This is Common Core State Standards Support Video for Mathematics. The standard is 4.NF.3 and there are actually four components; a, b, c, and d. The first part of the standard states: understand a fraction a/b with a > 1 as a sum of fractions 1/b. Part a: Understand addition and subtraction of fractions as joining and separating parts referring to the same whole. Part b: Decompose a fraction into a sum of fractions with the same denominator in more than one way, recording each decomposition by an equation. Justify decompositions by using a visual fraction model. So for example, 4/7 would be 1/7 + 1/7 + 1/7 + 1/7, and so forth. Part c: Add and subtract mixed numbers with like denominators, by replacing each mixed number with an equivalent fraction, and/or by using properties of operations and the relationship between addition and subtraction. Finally, Part d: Solve word problems involving addition and subtraction of fractions referring to the same whole and having like denominators, by using visual fraction models and equations to represent the problem.

First off, in adding and subtracting fractions, students must understand a huge assumption in the symbolism that is actually stated in Part a, and that’s the idea of the same whole. So for example, if we had 1/6 + 1/6, there’s no way it can be this kind of scenario where we’re talking about two totally different objects and parts. Even when they are the same objects, like here, they’re both circles and their interiors, the slices are not the same size. So I cannot add this sixth with this sixth.

We focus on Part 3a that states: Understand addition and subtraction of fractions as joining and separating parts referring to the same whole.
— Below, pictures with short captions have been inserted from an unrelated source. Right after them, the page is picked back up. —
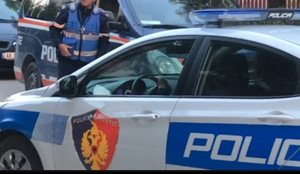 Shkod&euml;r/ 62-vje&ccedil;ari vret gruan me &ccedil;ifte n&euml; der&euml;n e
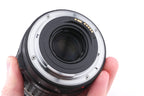 Tamron 17-50mm f2.8 SP AF XR DI II LD IF Aspherical (A16)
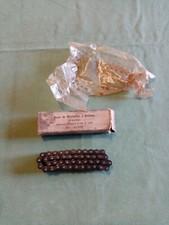 SIMCA 8 1100 / 1200  Chaine de distribution 46 maillons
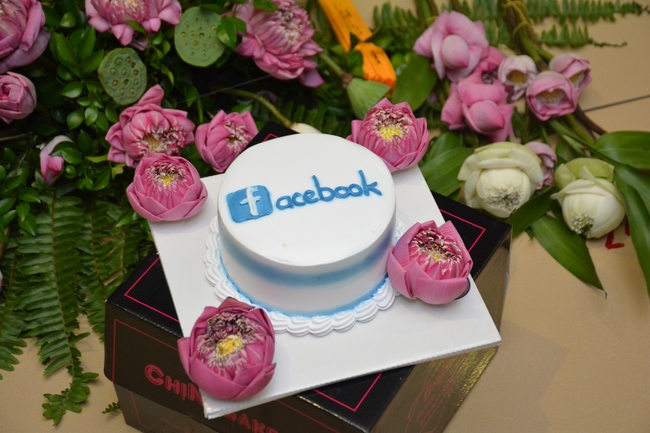 Seventh day of Summer Retreat 2022 at Hoang Phap Pagoda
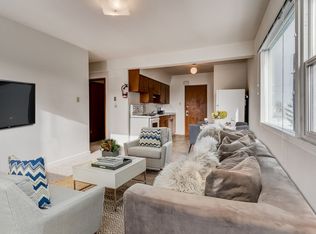 2039 26th Ave SW #6, Calgary, AB T2T1E5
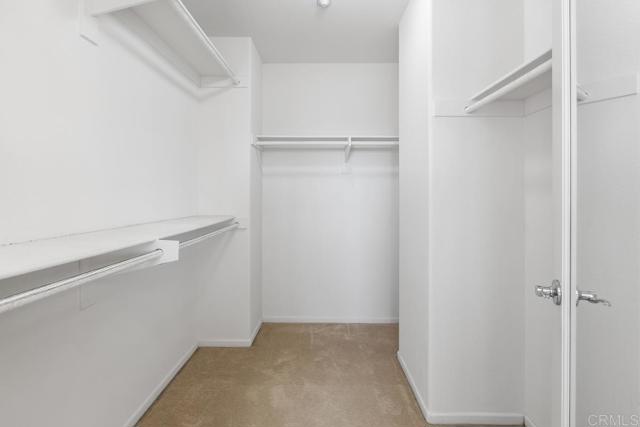 Detail Gallery Image 22 of 35 For 10067 Challenger Cir, Spring Valley,  CA 91978 - 3 Beds | 2/1 Baths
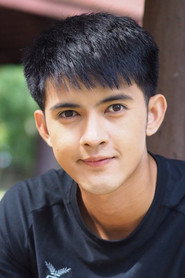 Фото: Surasak Suwannawong
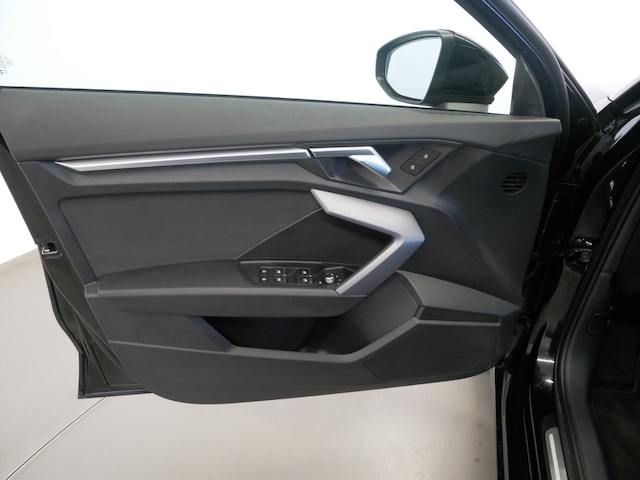 Audi A3 30 TDI Sportback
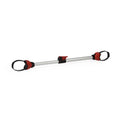Fiamma Bike Frame Adapter
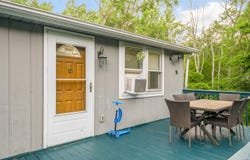865 Snow Hill Road, Cresco, PA 18326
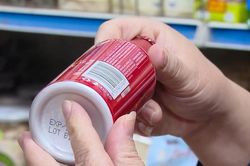 Ưu tiên tuyên truyền pháp luật về bảo vệ người tiêu dùng ở vùng sâu, vùng xa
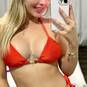 Merveille blonde (Photo #5)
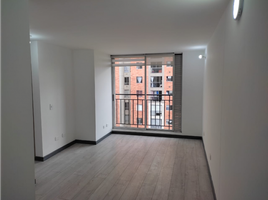 2 Habitación Apartamento en venta en Cundinamarca, Bogotá, Cundinamarca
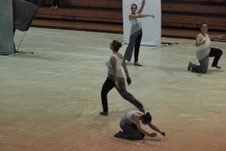 Enlarge photo 43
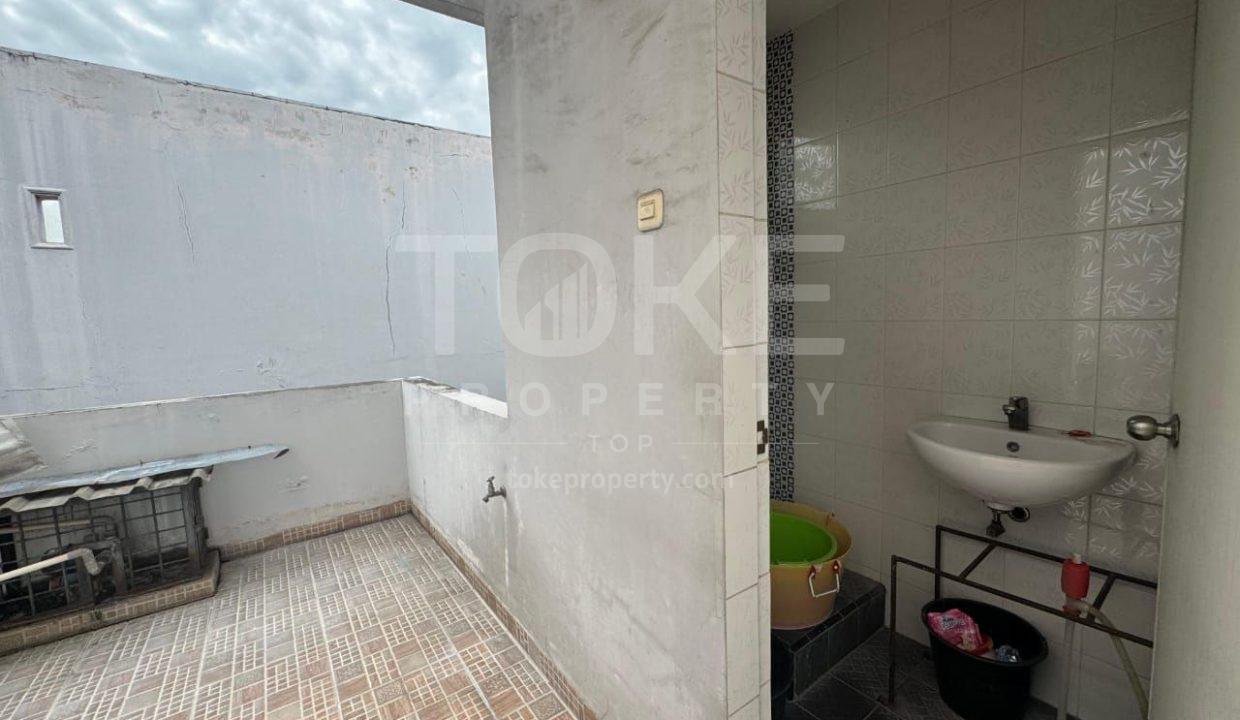 photo_2025-05-16_13-49-22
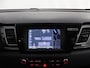Kia Niro 1.6 GDi Hybrid ExecutiveLine | Trekhaak | Panoramadak | Lederen Bekleding | JBL Audio | Dodehoekdetectie | Stoel/Stuurwielverwarming | Stoelventilatie | Elektrisch bedienbare bestuurdersstoel met geheugenfunctie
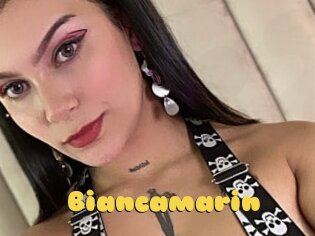 Biancamarin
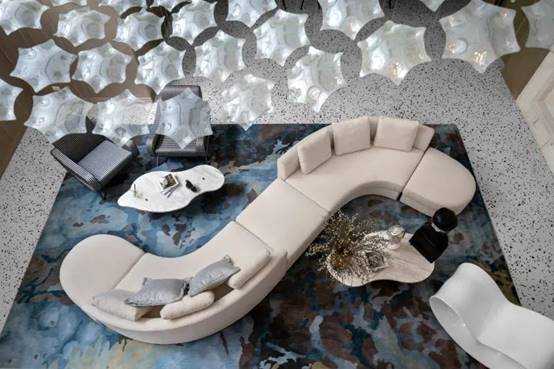 南宫NG·28(中国)最新官方网站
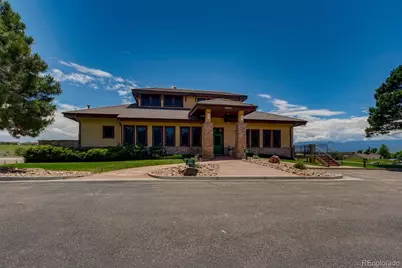 10271 Murmuring Pine Court, Colorado Springs, CO 80920 - Photo 40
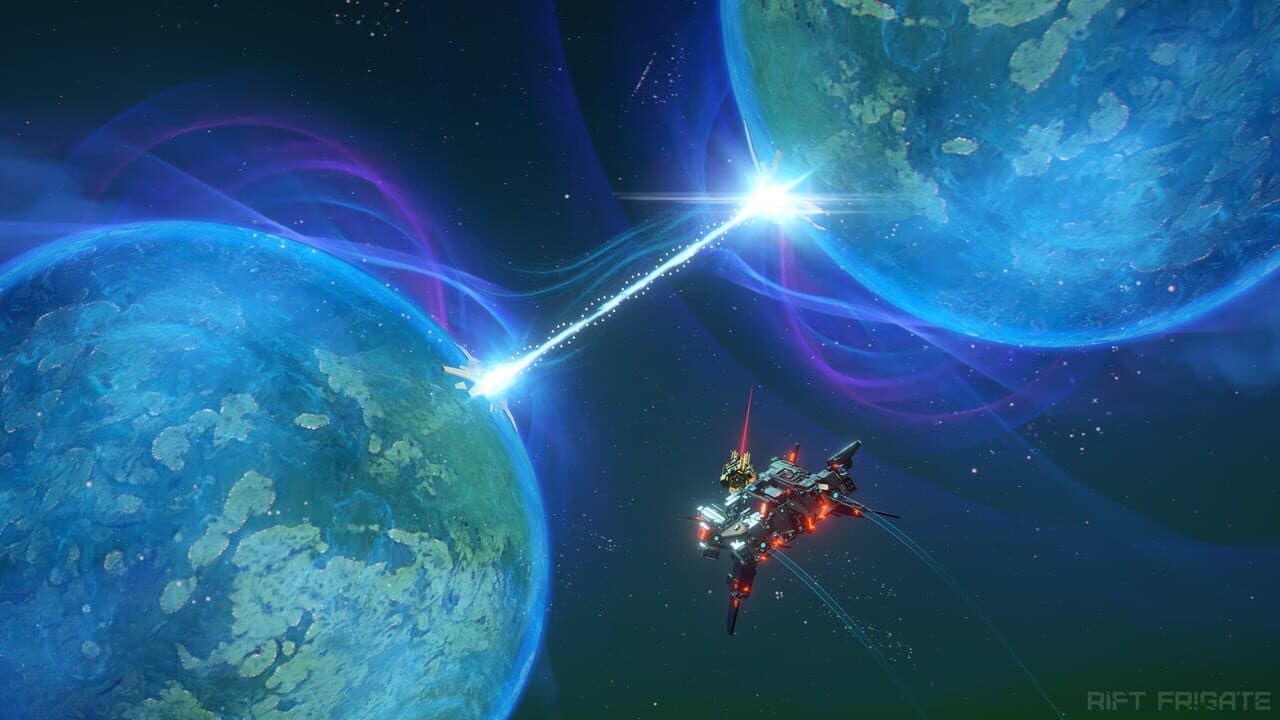 Rift Frigate thumbnail 5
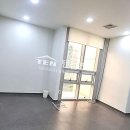 삼성리더스공인중개사사무소 이미지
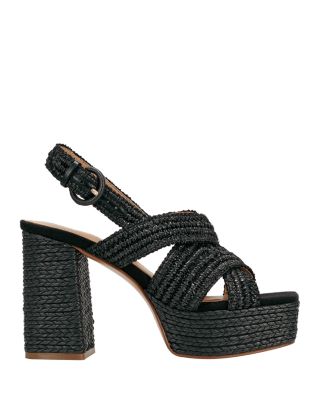 Women&#39;s Caddy Sandals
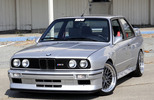Thumbnail BMW E30 FACTORY SERVICE & REPAIR MANUAL - DOWNLOAD! Thumbnail BMW E30 FACTORY SERVICE & REPAIR MANUAL - DOWNLOAD!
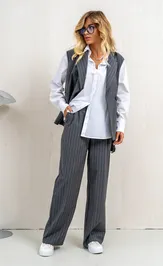 Set Aira Style 24-24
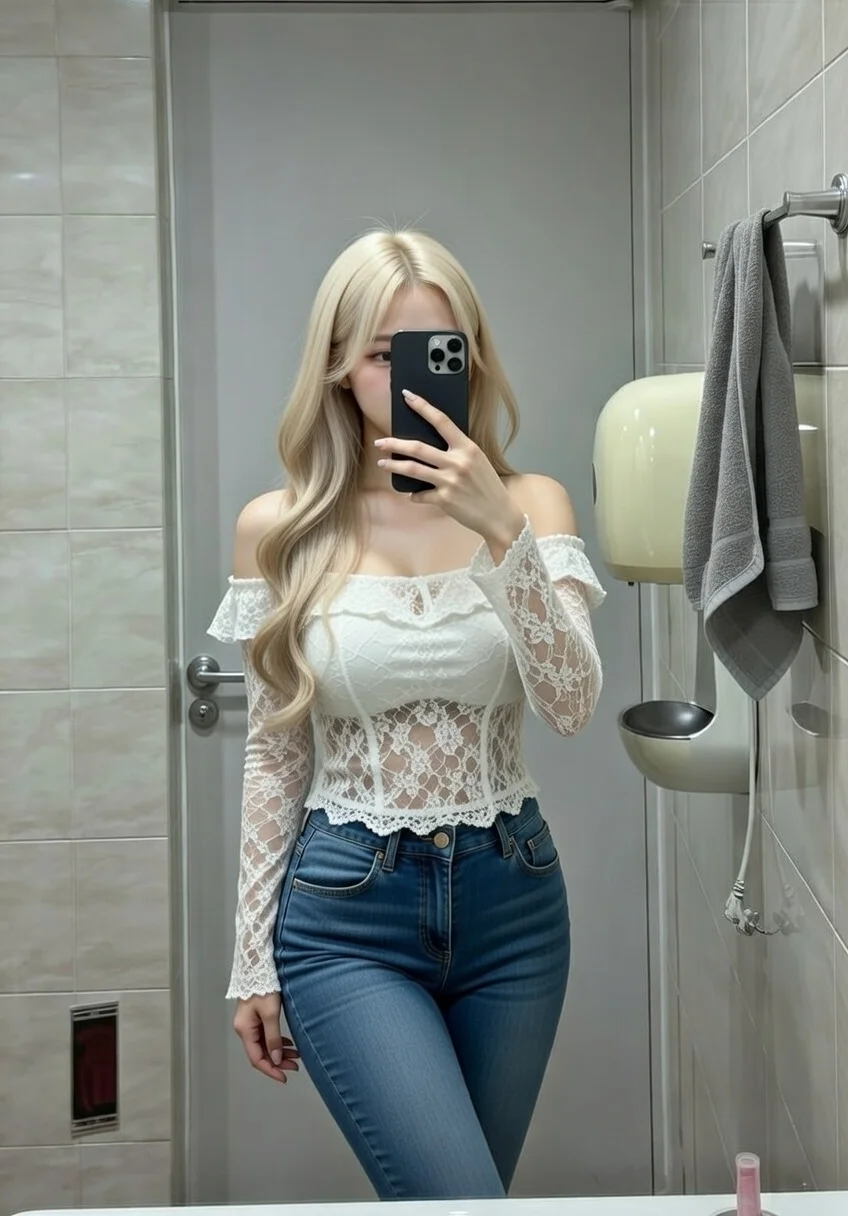 천왕 룸살롱 프리미엄 라인업 19번 프로필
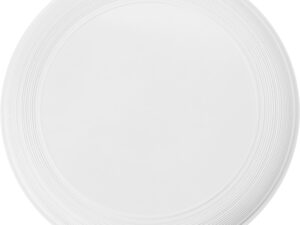 Frisbee - Image 4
Again, that’s very important. Here we can combine this sixth and this sixth, and likewise over here, I can combine this sixth with that sixth, because they are parts of the same whole. Of course this applies to subtraction also. Let’s say we have 3/6, and we’re going to subtract 1/6. Well we can subtract this because, again, they are equal-sized parts of the same whole, which leaves us in this case with 2/6. The standard does talk about the same whole, but it is important to realize that we can also be talking about congruent wholes. As long as I know that this rectangular figure and this rectangular figure are congruent, then I can combine these equal-sized parts, this 1/6 with this 1/6. Same situation here; as long as I know that these 2 hexagons are congruent to each other and of course, that the parts are divided equally the same way, then I can combine this 1/6 with this 1/6.

Now lets look at Part b: Decompose a fraction into a sum of fractions with the same denominator in more than one way, and it also states to record each decomposition by using an equation and justify the decomposition by using a visual fraction model. Let’s do that here. Let’s start off with 3/4, and then we can break that down to 2/4 and 1/4. We can take the 2/4 and further break that down so that we would have 1/4 + 1/4 + 1/4. This is a good point to interject that initial statement for this standard that states that we need to understand a fraction a/b with a > 1 as a sum of fractions 1/b. So here, "a" would be 3. So basically, this is what it says—that I have this fraction a/b, and it’s just the sum of all these 1/bs. In this case, there are three of them. Just like over here, 3/4 is simply the sum of three separate 1/4s, and this would apply to any fraction regardless of what the numerators and denominators are.

Let’s take the same idea of decomposing a fraction and apply it to mixed numbers. It basically works the same way. Here I have 3, which breaks up to 1 + 1 + 1, and then we have our fraction 2/6. If we take this literally, and we’re going to do this as a sum of fractions, then we can convert all of the ones into, in this case, 6/6 so that we have this diagram and our accompanying equation. But then we can further take the 2/6 and break it up into 1/6 + 1/6. Then by simply counting, the students can tell, okay, we’ve got 6, that is 18, 19, 20. So we have a total of 20/6; 20 one-sixths.

Now with that idea of mixed numbers in mind, we can go on to the next part of this which is standard 3c which involves adding and subtracting mixed numbers with like denominators. Let’s take this example. Now here’s something very, very important. What students must realize and must do is understand that we need to break this mixed number down into its two parts with the whole number part and the fractional part. Again it is very important that students do this. Now we take that problem, and we have our mixed number split up into the whole number parts and the fractional parts, and we have a visual to represent the 1 and the 2/6 and the 2 plus 3/6.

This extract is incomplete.